Stored entries:
# # #
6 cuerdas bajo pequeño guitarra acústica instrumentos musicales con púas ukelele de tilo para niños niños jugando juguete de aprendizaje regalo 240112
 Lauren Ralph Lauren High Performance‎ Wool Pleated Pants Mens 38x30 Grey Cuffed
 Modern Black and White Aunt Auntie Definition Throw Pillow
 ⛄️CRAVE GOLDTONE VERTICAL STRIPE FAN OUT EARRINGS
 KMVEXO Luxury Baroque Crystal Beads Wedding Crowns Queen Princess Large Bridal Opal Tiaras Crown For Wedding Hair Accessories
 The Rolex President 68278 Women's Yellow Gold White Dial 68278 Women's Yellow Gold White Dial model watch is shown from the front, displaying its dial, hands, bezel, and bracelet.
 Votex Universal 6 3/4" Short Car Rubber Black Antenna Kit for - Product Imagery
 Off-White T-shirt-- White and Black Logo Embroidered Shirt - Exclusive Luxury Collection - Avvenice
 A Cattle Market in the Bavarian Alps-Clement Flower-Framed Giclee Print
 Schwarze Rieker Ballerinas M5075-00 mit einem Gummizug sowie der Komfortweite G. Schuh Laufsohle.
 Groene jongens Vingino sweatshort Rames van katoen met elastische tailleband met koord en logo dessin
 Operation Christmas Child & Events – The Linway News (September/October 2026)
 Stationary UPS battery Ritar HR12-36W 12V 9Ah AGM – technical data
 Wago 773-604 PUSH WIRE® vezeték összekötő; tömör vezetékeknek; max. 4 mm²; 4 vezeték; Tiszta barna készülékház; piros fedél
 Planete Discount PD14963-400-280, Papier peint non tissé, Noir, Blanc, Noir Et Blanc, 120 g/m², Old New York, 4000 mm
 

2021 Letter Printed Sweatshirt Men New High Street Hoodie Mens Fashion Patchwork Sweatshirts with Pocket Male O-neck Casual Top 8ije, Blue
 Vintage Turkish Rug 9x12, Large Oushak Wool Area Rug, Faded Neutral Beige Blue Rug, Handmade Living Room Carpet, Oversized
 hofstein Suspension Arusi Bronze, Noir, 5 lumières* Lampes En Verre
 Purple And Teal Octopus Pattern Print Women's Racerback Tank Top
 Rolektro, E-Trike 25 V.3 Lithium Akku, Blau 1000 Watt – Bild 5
# # #
Task prompt:
Reproduce the data in full. Nothing in it may be altered.

Answer to this problem:
6 cuerdas bajo pequeño guitarra acústica instrumentos musicales con púas ukelele de tilo para niños niños jugando juguete de aprendizaje regalo 240112
 Lauren Ralph Lauren High Performance‎ Wool Pleated Pants Mens 38x30 Grey Cuffed
 Modern Black and White Aunt Auntie Definition Throw Pillow
 ⛄️CRAVE GOLDTONE VERTICAL STRIPE FAN OUT EARRINGS
 KMVEXO Luxury Baroque Crystal Beads Wedding Crowns Queen Princess Large Bridal Opal Tiaras Crown For Wedding Hair Accessories
 The Rolex President 68278 Women's Yellow Gold White Dial 68278 Women's Yellow Gold White Dial model watch is shown from the front, displaying its dial, hands, bezel, and bracelet.
 Votex Universal 6 3/4" Short Car Rubber Black Antenna Kit for - Product Imagery
 Off-White T-shirt-- White and Black Logo Embroidered Shirt - Exclusive Luxury Collection - Avvenice
 A Cattle Market in the Bavarian Alps-Clement Flower-Framed Giclee Print
 Schwarze Rieker Ballerinas M5075-00 mit einem Gummizug sowie der Komfortweite G. Schuh Laufsohle.
 Groene jongens Vingino sweatshort Rames van katoen met elastische tailleband met koord en logo dessin
 Operation Christmas Child & Events – The Linway News (September/October 2026)
 Stationary UPS battery Ritar HR12-36W 12V 9Ah AGM – technical data
 Wago 773-604 PUSH WIRE® vezeték összekötő; tömör vezetékeknek; max. 4 mm²; 4 vezeték; Tiszta barna készülékház; piros fedél
 Planete Discount PD14963-400-280, Papier peint non tissé, Noir, Blanc, Noir Et Blanc, 120 g/m², Old New York, 4000 mm
 

2021 Letter Printed Sweatshirt Men New High Street Hoodie Mens Fashion Patchwork Sweatshirts with Pocket Male O-neck Casual Top 8ije, Blue
 Vintage Turkish Rug 9x12, Large Oushak Wool Area Rug, Faded Neutral Beige Blue Rug, Handmade Living Room Carpet, Oversized
 hofstein Suspension Arusi Bronze, Noir, 5 lumières* Lampes En Verre
 Purple And Teal Octopus Pattern Print Women's Racerback Tank Top
 Rolektro, E-Trike 25 V.3 Lithium Akku, Blau 1000 Watt – Bild 5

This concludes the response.